So what I got was that they want me to reverse everything I think not sure..
R_x-axis:Triangle ABC = T(x,y) to (x, y-3)
The points given for the image of the following are
$$A''(2,5) B''(-4,2) C''(-1,-6) $$
So the first thing i thought i would do was to reverse $$(x,-y)$$
As That's the way you do the reflection across So
The first points i did
$$ A(2,-5)B(-4,-2) C (-1,6)$$
I got this as I thought if the point was (2,5) after the reflection all i had to do was reverse it so i thought the original was (2,-5) so i thought the negative was cancelled when you did the transformation.
than i did the other part of the question as asked
$$A(2,-2) B(-4,5) C(-1,-3) $$ the same way i got the first part of the question, just reversed what the question say so (y-3) than that means i just have to go 3 units up to reverse?
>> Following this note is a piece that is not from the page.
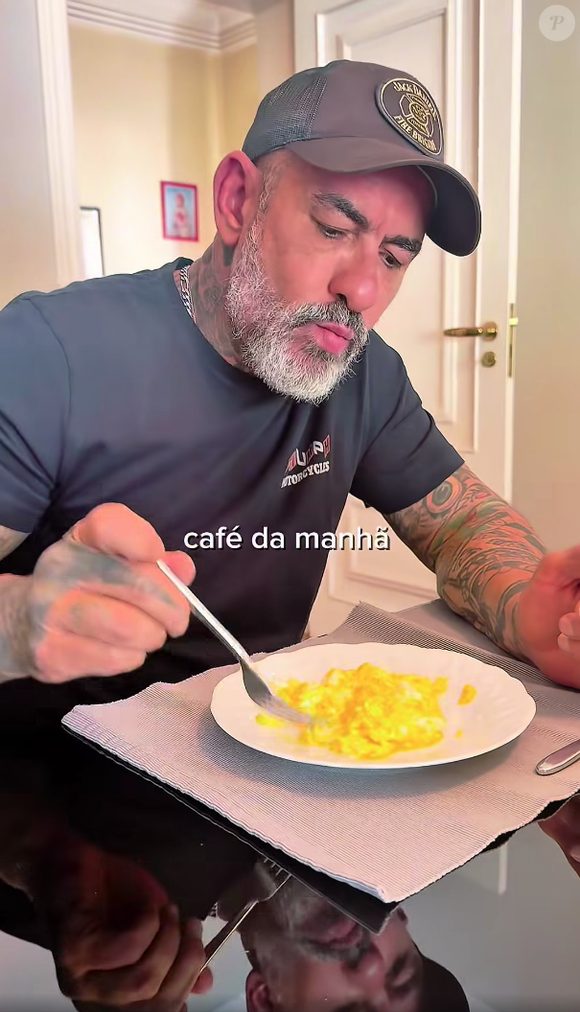 Café da manhã de Henrique Fogaça é simples e super nutritivo, sendo composto por ovos mexidos cremosos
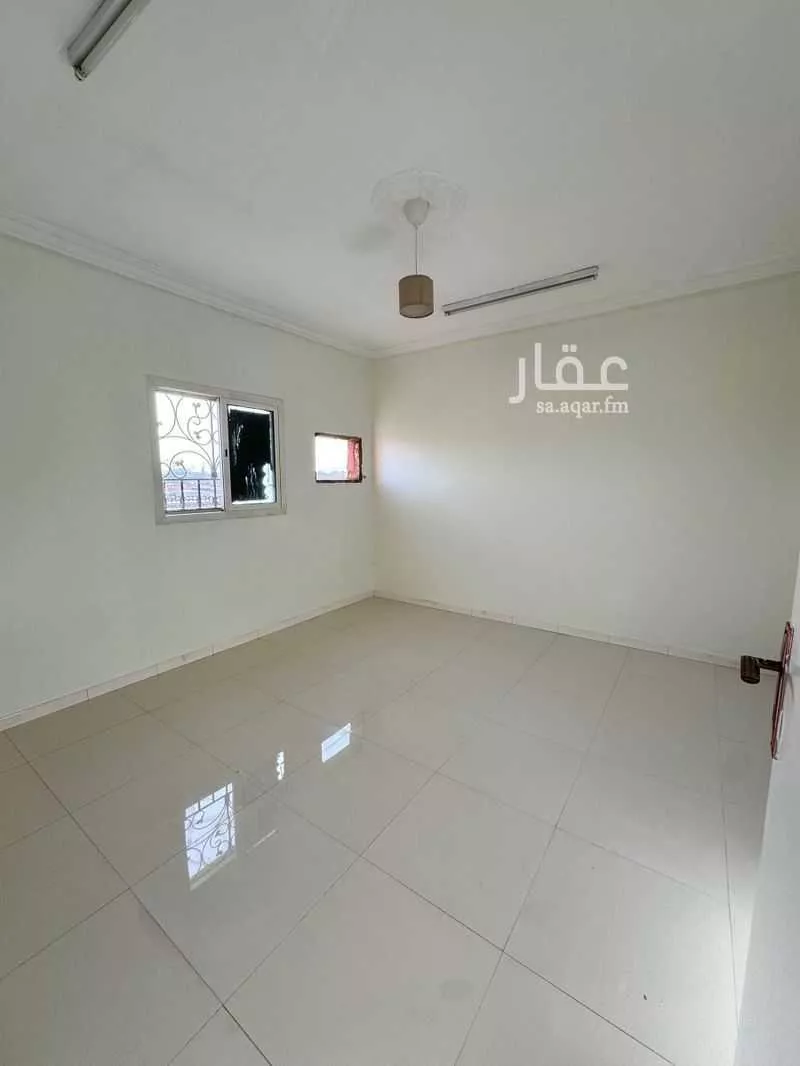 شقة 4 غرف في الرمال 4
But the points i got are wrong
In the terminology of mathematics, the pre-image of a set $X$ under a function $f$ is the set of points $Y$ such that $f(Y)$ is in $X$. In other words, you were given
and are asked to find the set of all inputs which would be turned into the given outputs.
In your particular case, you've got a very simply function - it's surjective (that is, every possible point in 2D space is an output from at least one input) and injective (every point is the output from at most one input). So your function has an inverse, and finding the preimage of a set is a simple matter of finding the inverse of your transformation rule and applying that to your set. The transformation rule $T$ takes points $(x, y)$ and maps them to $(x, y - 3)$. To reverse this, you would indeed map $(x, y)$ to $(x, y + 3)$.